» **Work item**:
Set every entry below down once more, exactly as it stands, without images.

Crawled caption data
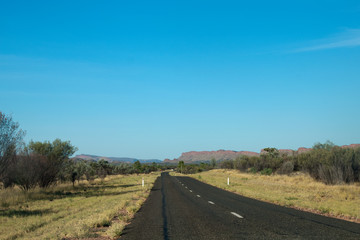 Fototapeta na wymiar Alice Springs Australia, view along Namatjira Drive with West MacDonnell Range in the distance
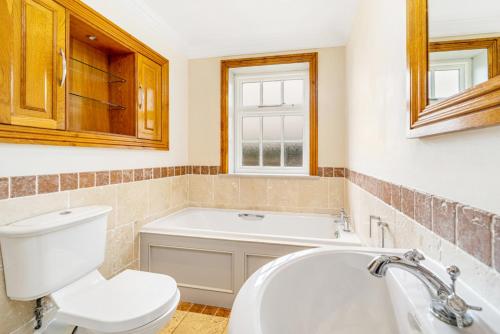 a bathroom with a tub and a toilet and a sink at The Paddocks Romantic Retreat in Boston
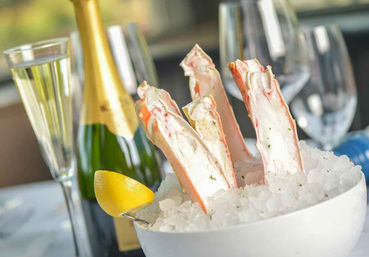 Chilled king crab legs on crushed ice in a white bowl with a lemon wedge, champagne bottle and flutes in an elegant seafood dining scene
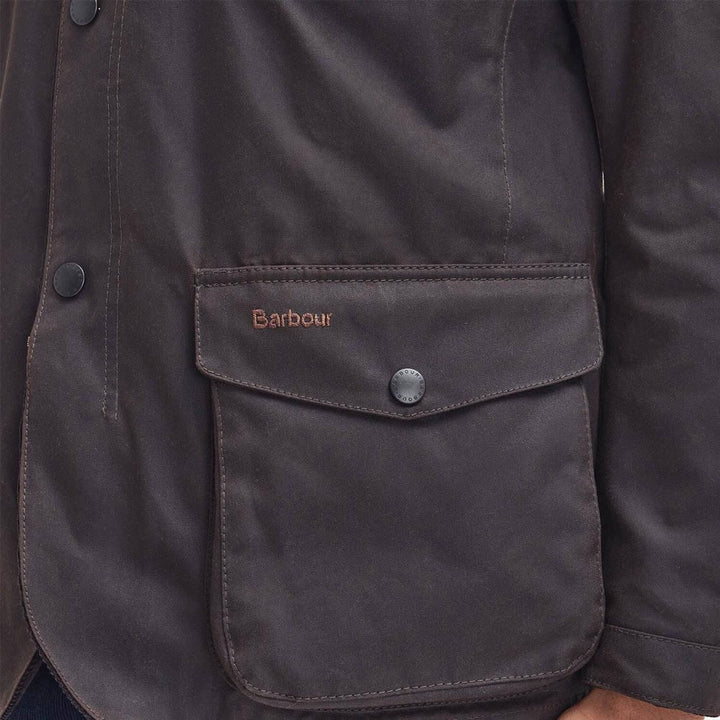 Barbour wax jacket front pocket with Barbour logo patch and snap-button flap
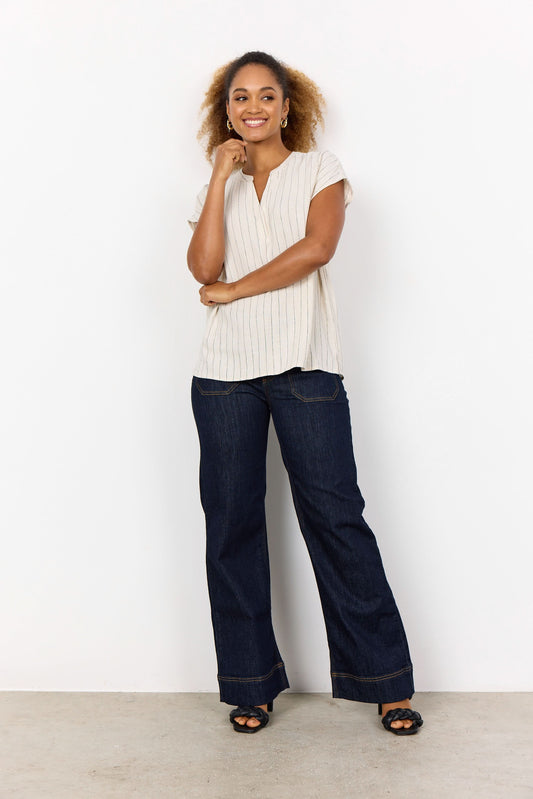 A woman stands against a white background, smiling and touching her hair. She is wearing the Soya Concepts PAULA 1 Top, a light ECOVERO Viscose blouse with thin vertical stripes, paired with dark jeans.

» **Worked solution**:
 Fototapeta na wymiar Alice Springs Australia, view along Namatjira Drive with West MacDonnell Range in the distance
 a bathroom with a tub and a toilet and a sink at The Paddocks Romantic Retreat in Boston
 Chilled king crab legs on crushed ice in a white bowl with a lemon wedge, champagne bottle and flutes in an elegant seafood dining scene
 Barbour wax jacket front pocket with Barbour logo patch and snap-button flap
 A woman stands against a white background, smiling and touching her hair. She is wearing the Soya Concepts PAULA 1 Top, a light ECOVERO Viscose blouse with thin vertical stripes, paired with dark jeans.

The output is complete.